Paul Gilster, Correspondent
Back in 1979, as Hurricane David slammed into the Dominican Republic, I remember listening to the shortwave radio and wishing there were some way to help.
The radio bands were active with ham operators patching through calls from people in the affected area, an instance of helping from a distance that I had no way to emulate.
Hurricane Katrina inspired some of the same thoughts, not just in me, but in many others. And some of them were ingenious enough to figure out how to use the Internet to help.
Try the Web site
www.scipionus.com. You'll see a Gulf Coast map studded with markers, and links to more-detailed maps of the most-damaged areas. Click a marker for more information about what's on that spot, often a house.
So I can view a Bay St. Louis map and see an overall view of the area. When I click on one of the markers at random, I see "Rev. Richard, Alice, and Tim Jones evac'd to Birmingham, AL," along with their e-mail address. Each marker represents a specific location, and as people contribute information about these locations, it gets folded into the growing map.

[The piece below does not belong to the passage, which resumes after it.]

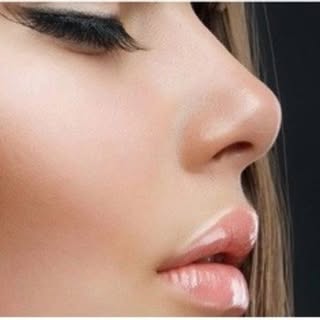 جراح بینی کرج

Not only that, but the maps, which are based on data from the Google Maps service, come with sliders so you can zoom in to get detailed street views. The map of Metairie, La., is so crowded with markers that you have to zoom in tight to separate one from another.
Here's one: "1.5' water in house after levee break."

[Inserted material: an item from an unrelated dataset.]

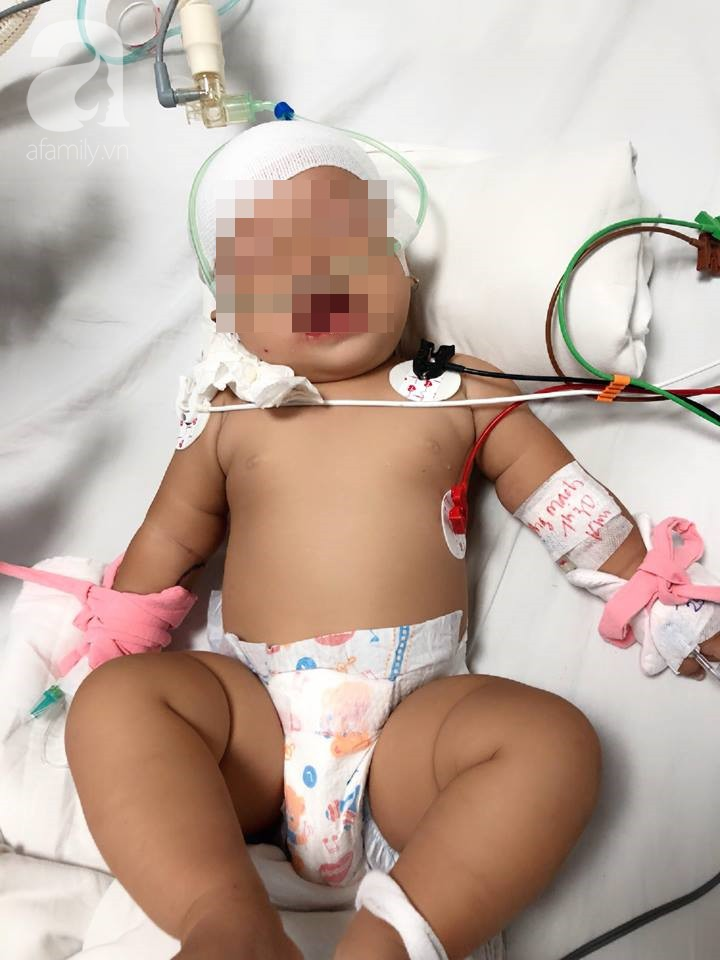 tphcm be gai bi khi nha hang xom can lun so da duoc ve nha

And another: "Brittany Drive is good. Not much wind or water damage."
What scipionus.com offers is a live, updatable map that grows every hour as people supply news. Can you imagine what a help this must be to residents now forced out of the area who wonder what has happened to their homes and businesses? This Web site was created by two software engineers in Austin, Texas, relatively far from the scene.
Up in New York state, a blogger name Kathryn Cramer studied similarities between a Google Earth photograph and a news photo of the same area and realized the two could be combined. Almost instantly, her Web site (
www.kathryncramer.com) became a collaborative information source on how to wed incoming photographs, many of them from the National Oceanographic and Atmospheric Administration, to the existing Google Earth database.
The images, many posted in the Google Earth Current Events Community forum, are created by people around the country who use photo manipulation software to overlay current imagery onto the Google Earth map, so that the damage appears inside a view of the city. This helps provide context to news accounts that show images but can't convey the broad picture given by maps.
Take a look at the Web site oregonstate.edu/~holtt. You'll see a series of images manipulated by blogger Tim Holtt. Move your mouse over them and they toggle from "before" to "after" shots of places like Bay St. Louis and Gulfport; click an image and you'll discover it's zoomable and will take you right on top of the damage.
Seeing what was happening, Google joined in, releasing new photographs of the areas affected and posting links to many of the overlays its users had created.
What a fine commentary on technology adapting to an emergency, and on the creativity of people with powerful tools who put them together to help others.